# Activity 6.1 Map-Reduce Basics
## Map-Reduce in Python
Since Python has `map` and `reduce` built-in functions, we use it to demonstrate the concepts behind Map-Reduce. Then, we move forward to do some basic experiments using actual `map` and `reduce` functions in Spark.

**Note:** All parts of this activty are designed to run in Python 2. For Python 3 you may need to modify some parts of the code.

### Mapping Example (Square of a Vector)
Suppose we have a vector (list) of numbers and we want to calculate the squares of each number of that vector. Let’s do it with a `for` loop first, and then without a for loop and only using a simple `map` function that does the job for us. 

In [1]:
# define square function:
def sqr(x): return x ** 2 

# the traditional way using loop:
numbers = [1, 2, 3, 4]
squared = []

print('numbers: ' + str(numbers)) # print thr input numbers

for n in numbers: # loop
    squared.append(sqr(n)) # save the results
    print (str(n) + " X " + str(n) + " = " + str(squared[-1])) # print n and the last element of squared
    
print('squared: ' + str(squared))

numbers: [1, 2, 3, 4]
1 X 1 = 1
2 X 2 = 4
3 X 3 = 9
4 X 4 = 16
squared: [1, 4, 9, 16]


In [2]:
# then map the function onto the list
map(sqr, numbers) # note the different syntax/usage for a single input: e.g. sqr(6)

[1, 4, 9, 16]

Easy! We observe that `map` applies `sqr` function on every elements of the input list (i.e., `numbers`).

Because map expects a function to be passed in, it also happens to be one of the places where `lambda` routinely appears. In fact, `lambda` (aka anonymous function) helps us to define functions on the fly without the need to be bounded to a name. This feature is very helpful when we do not need to call a function in different part of a code script (more reading: http://www.secnetix.de/olli/Python/lambda_functions.hawk).

In [3]:
map((lambda x: x **2), numbers) # mapping with a lmbda function

[1, 4, 9, 16]

### Reducing Example (Summation)
Recall from Example 1 that `map` gets a list, maps a function on all of the elements of the list and returns the result which is another list.

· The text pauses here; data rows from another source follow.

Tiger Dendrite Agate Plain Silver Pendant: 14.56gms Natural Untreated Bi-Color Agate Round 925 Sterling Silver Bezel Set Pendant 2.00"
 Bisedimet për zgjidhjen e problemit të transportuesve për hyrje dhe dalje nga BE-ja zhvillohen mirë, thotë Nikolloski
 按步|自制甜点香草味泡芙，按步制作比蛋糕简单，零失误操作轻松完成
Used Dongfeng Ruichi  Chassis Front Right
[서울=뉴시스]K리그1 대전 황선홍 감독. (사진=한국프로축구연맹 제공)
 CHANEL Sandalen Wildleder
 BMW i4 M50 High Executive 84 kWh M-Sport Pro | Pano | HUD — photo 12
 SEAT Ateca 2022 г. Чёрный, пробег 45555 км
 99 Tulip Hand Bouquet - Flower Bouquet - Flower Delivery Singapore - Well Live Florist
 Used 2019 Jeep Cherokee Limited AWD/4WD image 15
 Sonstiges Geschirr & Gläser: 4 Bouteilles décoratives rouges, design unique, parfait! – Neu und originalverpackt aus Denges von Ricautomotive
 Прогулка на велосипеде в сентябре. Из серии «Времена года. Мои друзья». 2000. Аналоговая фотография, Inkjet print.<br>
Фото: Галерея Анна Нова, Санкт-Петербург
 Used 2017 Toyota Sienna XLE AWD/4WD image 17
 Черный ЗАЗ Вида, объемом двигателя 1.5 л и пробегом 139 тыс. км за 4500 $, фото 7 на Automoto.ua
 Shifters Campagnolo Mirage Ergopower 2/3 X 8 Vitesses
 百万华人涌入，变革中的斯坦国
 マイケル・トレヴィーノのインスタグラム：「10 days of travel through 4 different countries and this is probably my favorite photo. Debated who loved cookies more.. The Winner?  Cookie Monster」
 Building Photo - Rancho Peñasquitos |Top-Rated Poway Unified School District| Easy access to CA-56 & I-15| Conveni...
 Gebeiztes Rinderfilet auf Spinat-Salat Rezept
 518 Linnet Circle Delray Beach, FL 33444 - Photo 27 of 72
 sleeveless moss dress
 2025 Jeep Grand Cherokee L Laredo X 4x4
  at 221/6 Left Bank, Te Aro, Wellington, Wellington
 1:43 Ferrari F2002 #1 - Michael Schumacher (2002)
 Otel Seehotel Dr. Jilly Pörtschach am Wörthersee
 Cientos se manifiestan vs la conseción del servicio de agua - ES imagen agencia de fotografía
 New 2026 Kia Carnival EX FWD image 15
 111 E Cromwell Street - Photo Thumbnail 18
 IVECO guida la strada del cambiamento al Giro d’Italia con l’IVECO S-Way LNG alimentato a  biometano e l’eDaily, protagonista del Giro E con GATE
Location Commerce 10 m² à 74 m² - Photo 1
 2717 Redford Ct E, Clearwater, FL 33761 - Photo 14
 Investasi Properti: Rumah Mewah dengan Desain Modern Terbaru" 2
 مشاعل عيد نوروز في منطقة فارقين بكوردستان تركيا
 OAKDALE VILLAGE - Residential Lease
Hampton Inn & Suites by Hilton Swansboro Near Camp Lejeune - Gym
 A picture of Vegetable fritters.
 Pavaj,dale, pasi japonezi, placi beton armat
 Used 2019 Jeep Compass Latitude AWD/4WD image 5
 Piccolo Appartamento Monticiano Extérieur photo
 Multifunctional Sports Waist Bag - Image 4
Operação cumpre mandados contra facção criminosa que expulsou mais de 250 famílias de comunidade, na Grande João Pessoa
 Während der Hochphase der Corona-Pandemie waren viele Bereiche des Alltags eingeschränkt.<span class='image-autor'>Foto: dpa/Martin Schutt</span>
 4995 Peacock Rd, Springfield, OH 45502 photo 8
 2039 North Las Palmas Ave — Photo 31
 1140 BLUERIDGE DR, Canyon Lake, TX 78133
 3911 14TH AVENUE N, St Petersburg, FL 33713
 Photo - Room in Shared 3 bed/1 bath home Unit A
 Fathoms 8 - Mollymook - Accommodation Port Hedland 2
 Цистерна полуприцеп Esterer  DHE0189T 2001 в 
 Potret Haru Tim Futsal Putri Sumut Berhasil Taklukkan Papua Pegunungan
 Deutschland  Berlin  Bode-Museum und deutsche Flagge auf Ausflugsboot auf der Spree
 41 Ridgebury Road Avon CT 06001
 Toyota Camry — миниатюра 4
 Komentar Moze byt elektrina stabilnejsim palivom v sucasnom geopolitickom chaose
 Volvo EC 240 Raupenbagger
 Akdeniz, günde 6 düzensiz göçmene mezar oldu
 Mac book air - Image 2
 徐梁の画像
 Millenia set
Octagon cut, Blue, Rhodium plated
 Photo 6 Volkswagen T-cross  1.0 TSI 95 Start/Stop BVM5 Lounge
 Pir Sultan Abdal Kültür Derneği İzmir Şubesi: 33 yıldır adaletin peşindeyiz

In opposite, `reduce` gets a list, apply a function of its elements, but returns the result as a single number (not a list). For example, we can use `reduce` to compute sum of the elements of a list. Let’s see `reduce` in action: 

In [4]:
numbers = range(1,5)
reduce((lambda x, y: x + y), numbers) # reduce 1,2,3,4 : 1 + 2 + 3 + 4 = 10

10

Why 10? Because 1 + 2 + 3 + 4 = 10.

Note that in the above statement, `x` and `y` are initially the first two elements of the list `numbers`. Then as they move along the data, `x` becomes the sum of the previous numbers while `y` indicates next element in the list. 

Here is the equivalent with a loop:

In [5]:
x = numbers[0] # grab the first
for y in numbers[1:]: # or use range(1, len(numbers) + 1)
    x = x + y # multiply by the second and update
    
print(x)

10


Now, let's combine all `lambda`, `map`, and `reduce` to calculate the sum of the squares of the elements of a list:

In [6]:
numbers = range(1,5)
reduce((lambda x, y: x+ y), map((lambda x: x **2), numbers)) # 1 + 4 + 9 + 16 = 30

30

## Spark Map-Reduce
Up to this point, we only saw some toy examples to learn how Map-Reduce works in action. Now, we implement a word count example using the actual Map-Reduce functions that will be run on Spark. The ultimate goal of this example is to count the number of each word (not the total number of all words) in the text file `spark.txt`.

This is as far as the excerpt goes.